Nice choice! I dig the colors!


----------



## jpsander25 (Nov 28, 2017)

Out of all the bikes I've gotten to demo, I'm split between the new Process 29 and Enduro 29. I should be able to demo the Sentinel in the coming weeks and the Slash. I'm really hoping I like the Sentinel since the GX build has so much bang for your buck IMO. The Slash seems awesome but $4500 for a budget nx build sucks. I think it'll be a hard choice either way.


----------



## hitechredneck (May 9, 2009)

Im all canfield this year. Last year I was on a Riot (toir) and a yeti sb6c this year I will be on a coiled out balance. I learned last year that there is zero shame in walking the bike on big transfers. So worrying about climbing weight is not nearly as important as I had thought and the small climbs in the stages are over and done with pretty fast. My advice to all is get the most amount of bike/travel you are willing to push around all day. At the amateur level weight is just a number on a scale.


----------



## Cozzy (Feb 11, 2018)

I just picked up a 2017 Trek Slash 9.8 demo for a lark from by LBS. Put in my first ride with it yesterday. All of my expectations have been met: passable climber, absolute baller on the descents. All of my initial remorse for not waiting for the Capra 29er has melted away......for the most part.


----------



## SimonNI (Jan 12, 2015)

I ended up ordering an Orbea Rallon. 

Sent from my SM-G935F using Tapatalk


----------



## Streetdoctor (Oct 14, 2011)

Add the new Capra to the list.


----------



## MadPainterGrafx (Oct 3, 2014)

Man I tell ya the choices available are mind blowing. We've re-did our short list again... In order top to bottom: Orbea Rallon, SC Bronson (Aluminum S build), YT Capra & SC High Tower LT (tied). 

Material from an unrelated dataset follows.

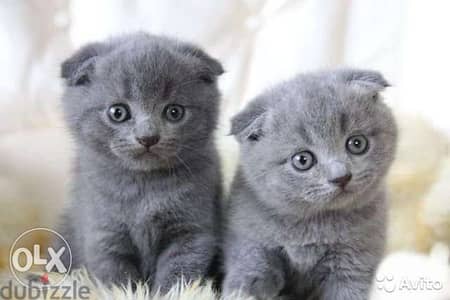 Cute Scottish Fold Kitten Available cat cats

Sent from my LG-LS777 using Tapatalk


----------



## 426h (Jul 13, 2006)

Capra 29 CF Pro on order, think I will keep my 2015 Intense Carbine 29 for pedally races.


----------



## Cavermatthew (Apr 9, 2015)

I'm riding a 2017 Vitus Sentier VRS 27.5 (upgraded a bit) this year. Hey, somebody has to represent the hardtails. In the Midwest, the enduro races are (mostly) pretty tame, so it's fairly easy (and more fun) to ride an aggressive, long-travel hardtail.


----------



## bikinbeast (Dec 31, 2005)

Some food for thought:

Evil Wreckoning vs Orbea Rallon vs Specialized Enduro vs Transition Sentinel vs Trek Slash

https://www.vitalmtb.com/features/2018-Vital-MTB-Long-Travel-29er-Test-Sessions,2242


----------



## Senor_Martillo (Jun 20, 2014)

Picked up A Whyte S-150 Works in December. Planning (hoping) on smashing the competition in Hood River on May 19th.


----------



## ALimon (Oct 12, 2017)

SimonNI said:


> I ended up ordering an Orbea Rallon.
> 
> Sent from my SM-G935F using Tapatalk


Sickest enduro bike out right now! Great choice!


----------



## Streetdoctor (Oct 14, 2011)

Looks like I’ll be on a Guerilla Gravity Smash this year! Keeping the Enduro as a backup for now.


----------



## SimonNI (Jan 12, 2015)

ALimon said:


> Sickest enduro bike out right now! Great choice!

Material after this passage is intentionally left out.